Supplied data Block Start
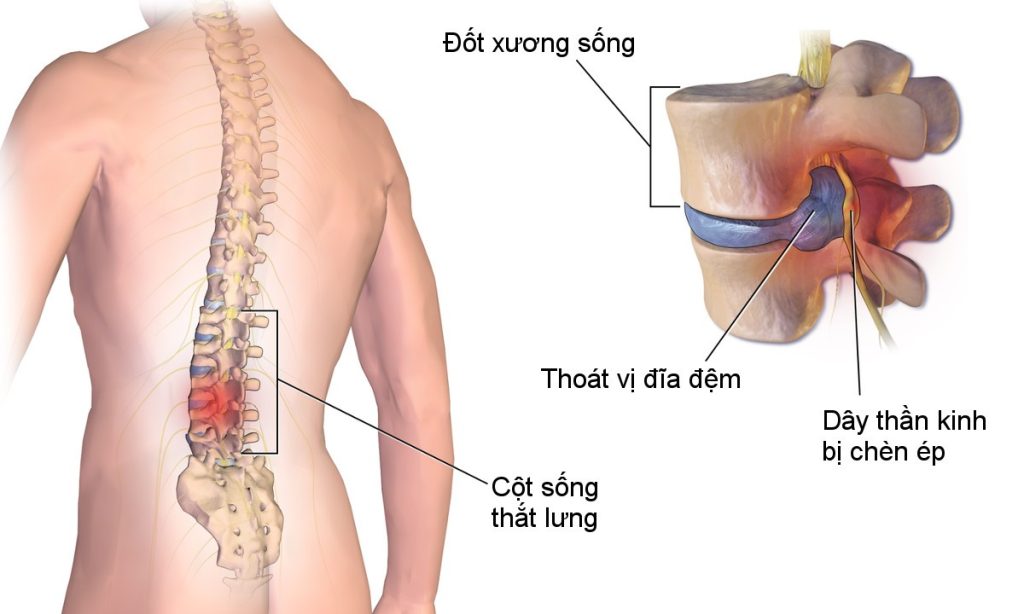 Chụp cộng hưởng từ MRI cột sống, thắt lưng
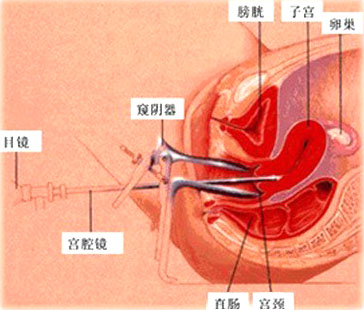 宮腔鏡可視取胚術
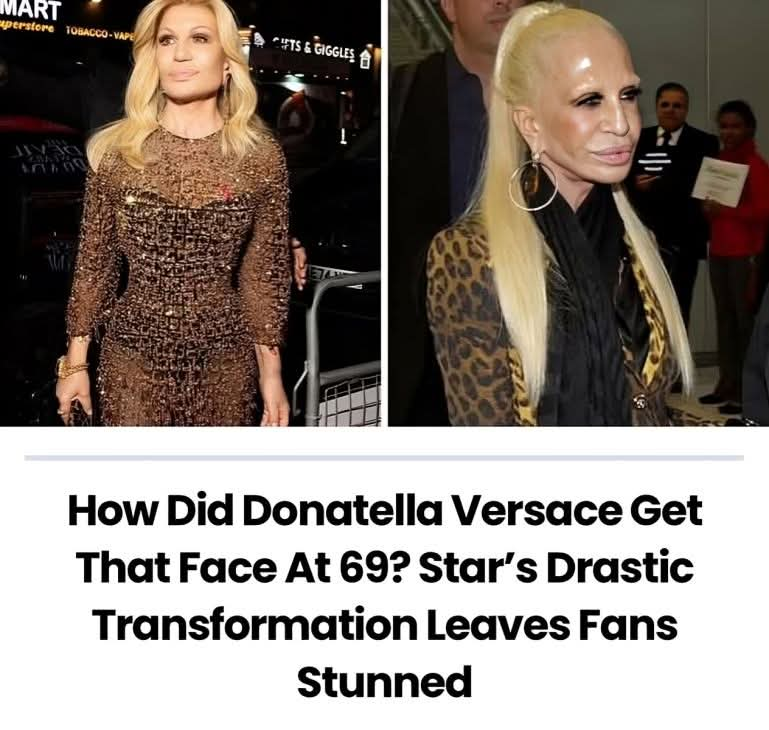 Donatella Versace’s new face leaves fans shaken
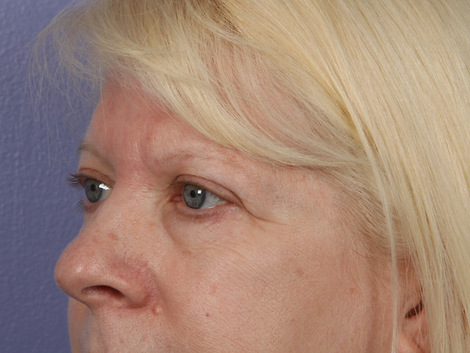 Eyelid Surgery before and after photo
Supplied data Block End
**Assignment**. Pictures must not appear in the copy, which must otherwise match the listing exactly.

**Response for this exercise**.
 Chụp cộng hưởng từ MRI cột sống, thắt lưng
 宮腔鏡可視取胚術
 Donatella Versace’s new face leaves fans shaken
 Eyelid Surgery before and after photo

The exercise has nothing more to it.